Set down all of the data that follows word for word, without the images.

_DATASET EXCERPT_.
Start of Block
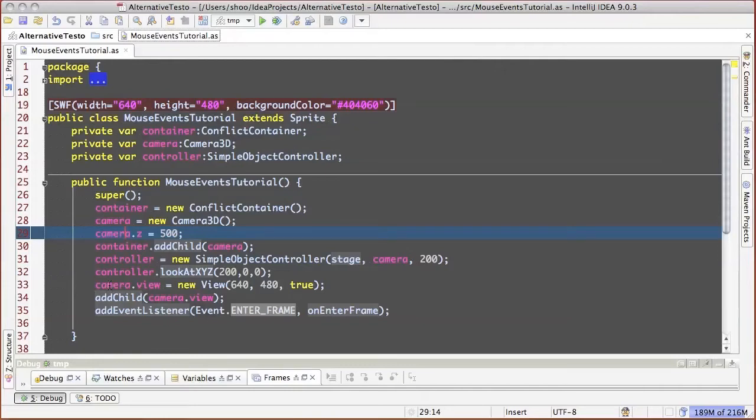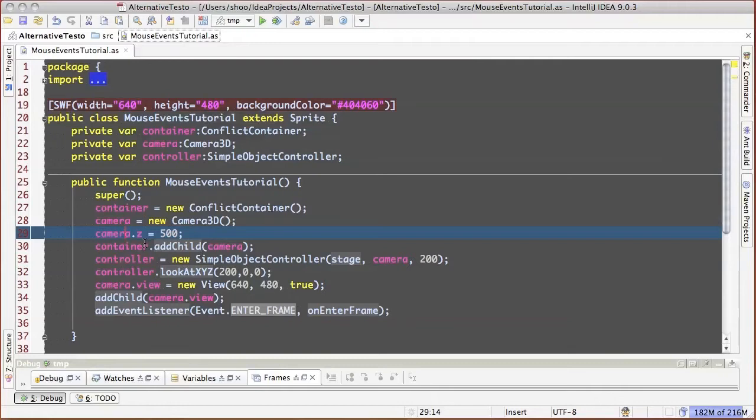Hi, today I will explain how to work with mouse events in three-dimensional world. At the moment we have a minimum set for functioning of an application using Alternativa.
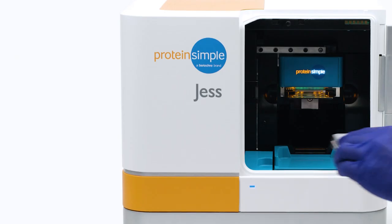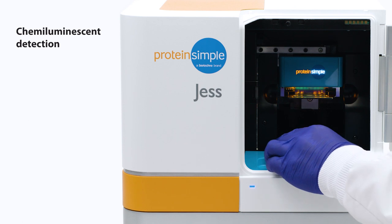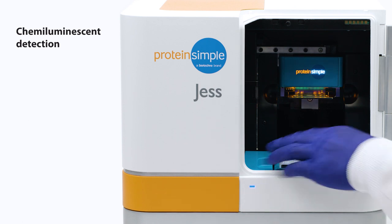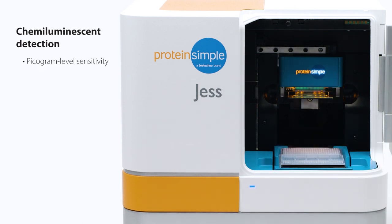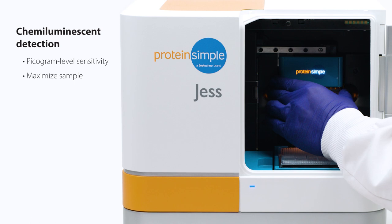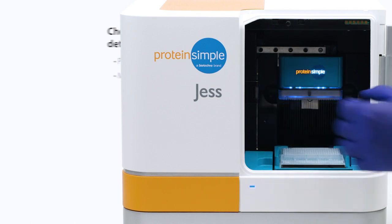With Jess's chemiluminescent detection, you'll get picogram level sensitivity, letting you maximize the data you get from your sample.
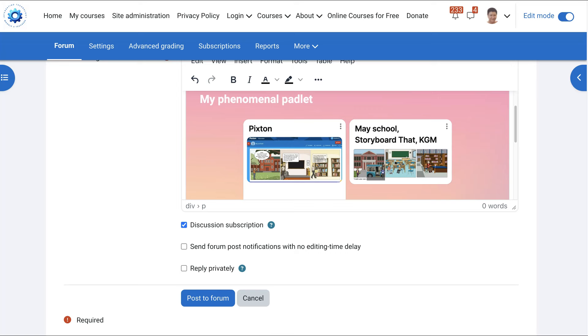So feel free to ask, ask, ask and I'll be happy to help. Have a great day and enjoy Padlets. It's an amazing curation wall or if you want to call it a board, a curation board. Thank you.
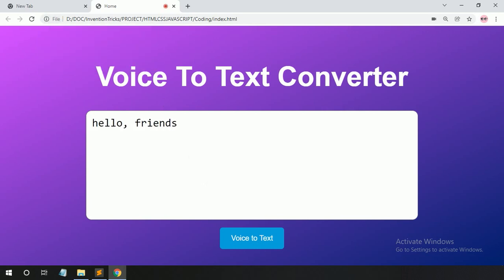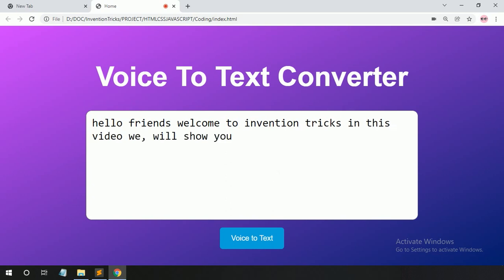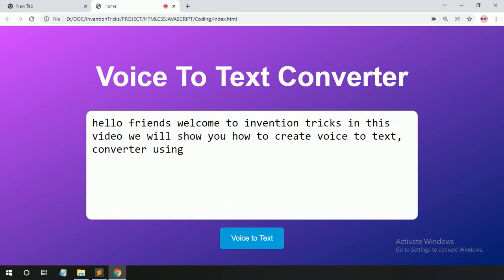Hello friends, welcome to Invention Tricks. In this video, we will show you how to create a voice to text converter using JavaScript.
End of Block
_EXERCISE SOLUTION_.
Hi, today I will explain how to work with mouse events in three-dimensional world. At the moment we have a minimum set for functioning of an application using Alternativa.
With Jess's chemiluminescent detection, you'll get picogram level sensitivity, letting you maximize the data you get from your sample.
So feel free to ask, ask, ask and I'll be happy to help. Have a great day and enjoy Padlets. It's an amazing curation wall or if you want to call it a board, a curation board. Thank you.
Hello friends, welcome to Invention Tricks. In this video, we will show you how to create a voice to text converter using JavaScript.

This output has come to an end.